While the auto retail landscape is rapidly changing, dealers are navigating margin pressure while seeking new ways to drive profitability. On today’s episode of Inside Automotive, Jeff Rosen, President and CEO of Rosen Automotive Group, joins us to discuss how his shops are performing today. Rosen also serves as the chairman of Hyundai’s Dealer Advisory Board.
Rosen Automotive Group, which includes Hyundai, Kia, Nissan, Honda and Ford franchises, continues to lean on a diversified portfolio to navigate shifting consumer demand.
“Hyundai has a great offering of hybrids from the sedans up into the Palisade luxury vehicles. We're very excited and we're looking forward to a good 2026 in terms of continued momentum.”
Hyundai drives sustained growth
Rosen said Hyundai continues to lead performance within the group, posting five consecutive years of growth and projecting a sixth. He credits the brand’s broad lineup and robust hybrid offerings, which he said attract buyers facing higher fuel prices and tighter budgets.
Regarding the franchise system, Rosen says all of his current OEM partners remain committed to the dealer model. He believes that franchised dealerships offer consumers something direct-to-consumer competitors cannot, particularly in financing.
With roughly 70% of sales financed across his stores, Rosen argues that the dealership is where many customers’ purchase journeys stall without in-person support.
“With the franchise system coming to the dealership, that portion is streamlined.”
Pricing transparency & implementing AI
According to Rosen, pricing transparency is an area where the industry must improve. He warns that misleading advertised prices deteriorate customer trust and push consumers toward alternatives like Tesla and Carvana, which operate on no-negotiation models.
He says that when customers in his own market see inconsistent pricing from competitors and then show up to find the numbers do not hold, it reflects poorly on the entire franchise system.
Throughout the stores, Rosen states that his team is in the early stages of integrating AI across multiple areas of the business, including service scheduling, business development centers and customer engagement. He confirms that those AI tools help manage appointment flow, support online chat functions and extend dealership responsiveness beyond business hours. AI-driven insights are also helping identify customers who may be in an equity position and ready to upgrade, creating additional opportunities from existing service traffic.
Sourcing affordability
Additionally, Rosen places a high priority on purchasing used cars through various channels, like service drives, Facebook Marketplace, and Kelley Blue Book Instant Cash Offers, with a focus on inventory priced under $30,000 to meet affordability demand.

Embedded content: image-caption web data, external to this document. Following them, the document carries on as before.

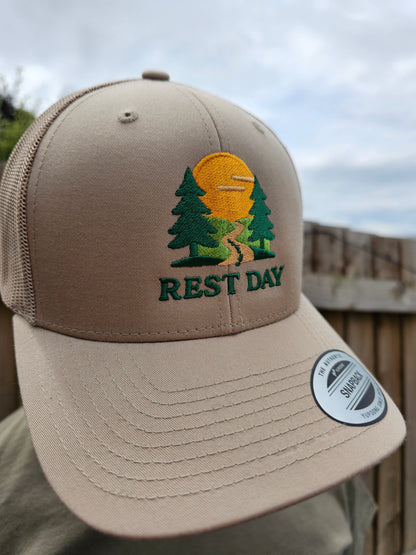 Rest Day Logo Trucker Hat – Khaki (Premium Edition)
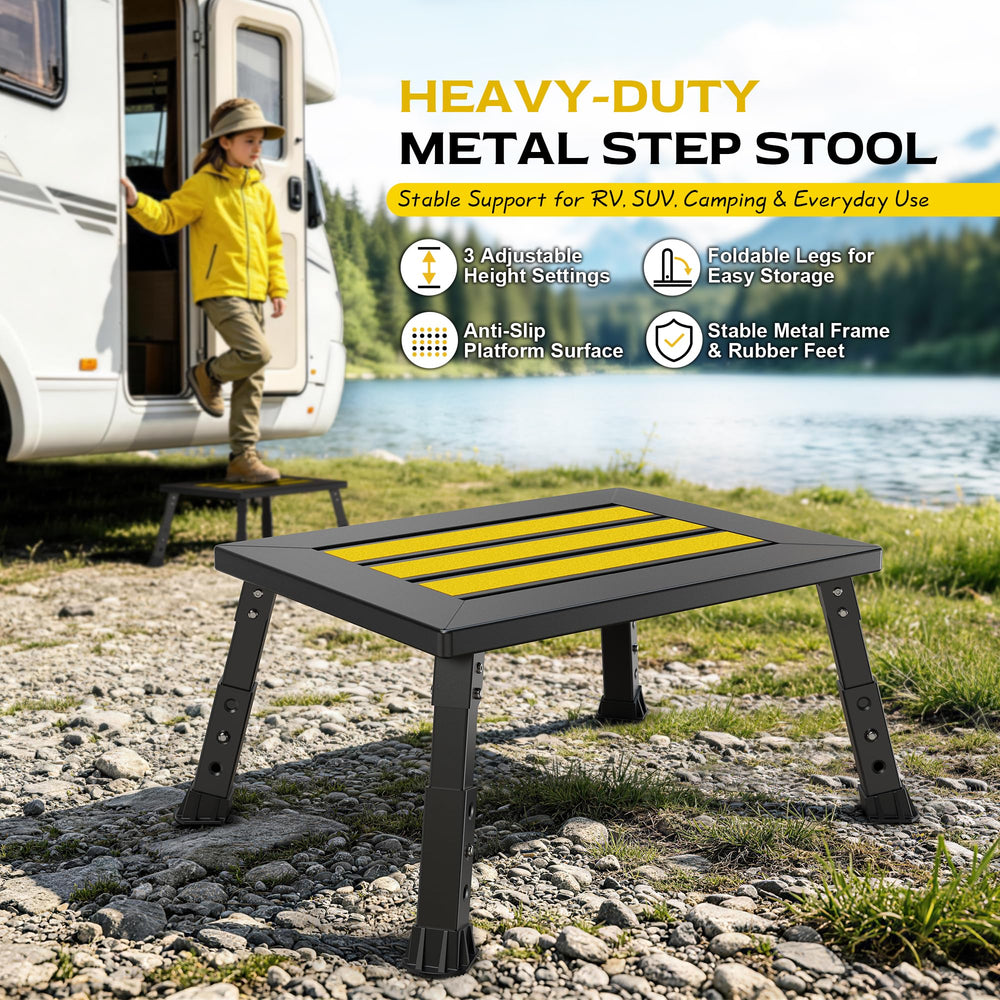 DEPSUNNY step in use at an RV entry offering safer boarding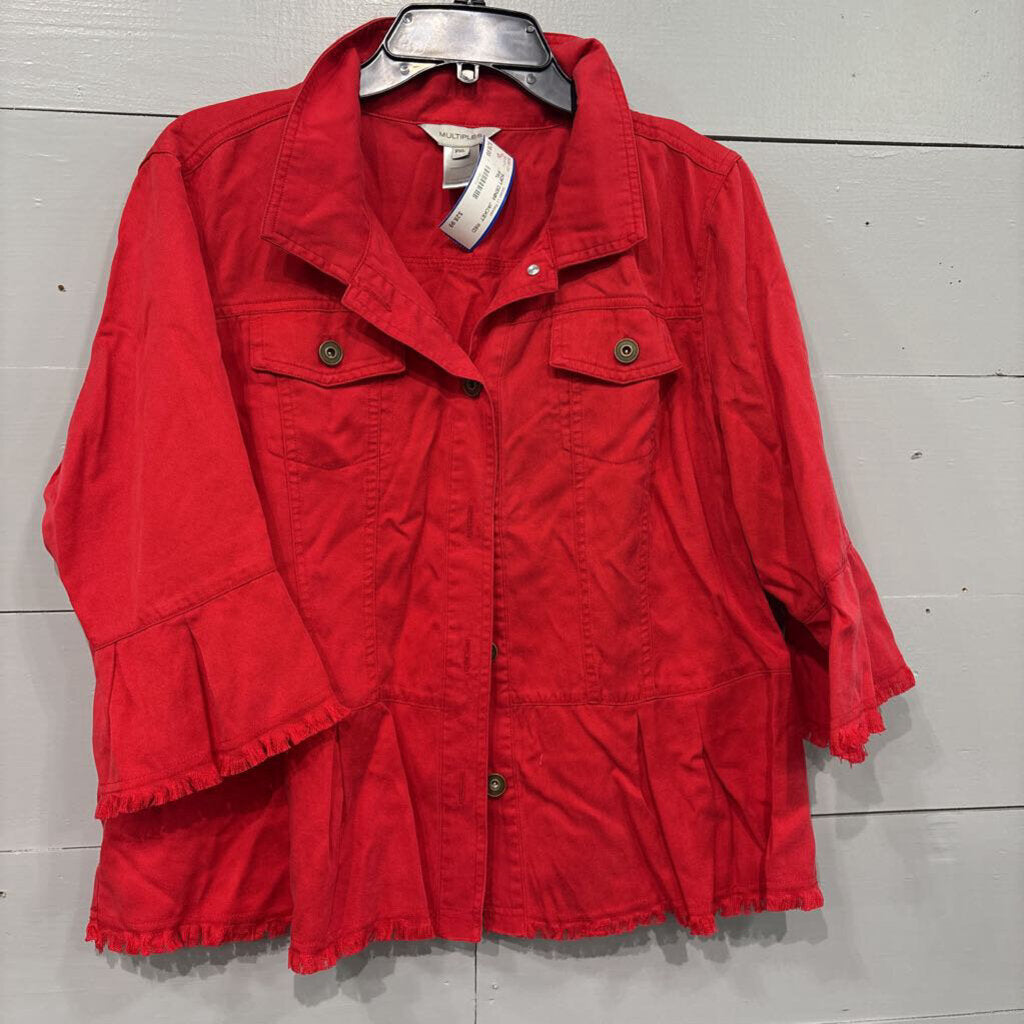 MULTIPLES,SOFT DENIM JACKET ,RED,PXL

Trade activity, according to Rosen, remains robust as customers seek more affordable price points and lower monthly payments.
On inventory levels, Rosen said Hyundai is currently at an estimated 25-day supply, a manageable position that allows the group to focus on turning inventory while maintaining volume, which he described as central to his business philosophy.

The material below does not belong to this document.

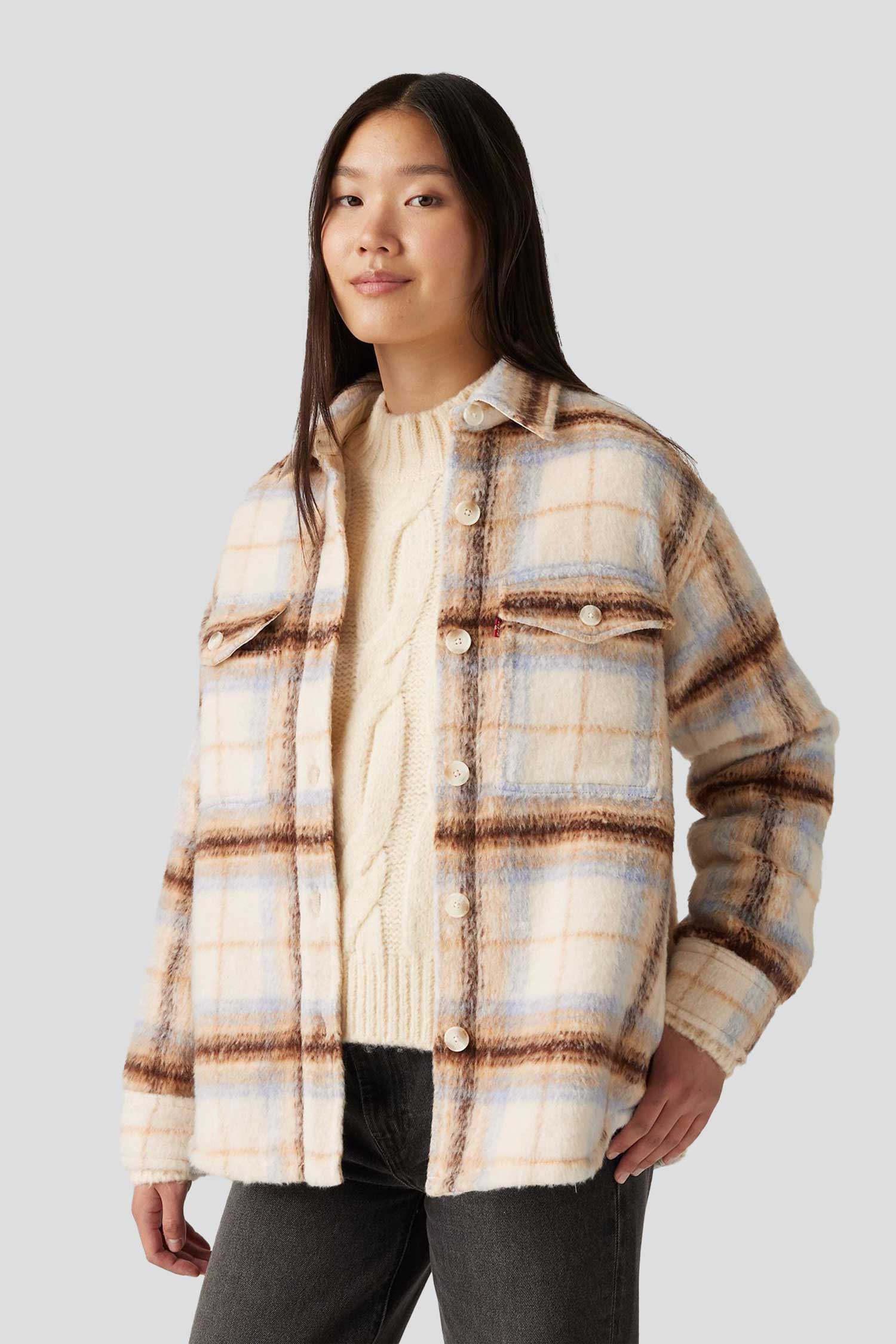 Женская рубашка-пальто в клетку 4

Regarding the Hyundai and Amazon partnership, Rosen said conversations are ongoing and evolving. He acknowledged early obstacles stemming from the complexity of automotive retail compared to traditional e-commerce, but said both parties are working through them, with pre-owned vehicles now appearing on the Amazon platform as well.
He also credits Nissan, his first franchise dating back to 1989, for having improved considerably under its current executive leadership. He points to the brand’s expansion into hybrid vehicles as a positive step forward and says he wants all OEM partners to succeed, calling it essential to his own business stability.
Global competition
Rosen says dealers cannot ignore the potential entry of Chinese vehicles into the U.S. market. He warns that lower-cost, competitive products supported by foreign subsidies will force domestic automakers and dealers to respond.
He points to Ford’s reported development of a $30,000 electric truck as an example of the industry adjusting to increased global competition.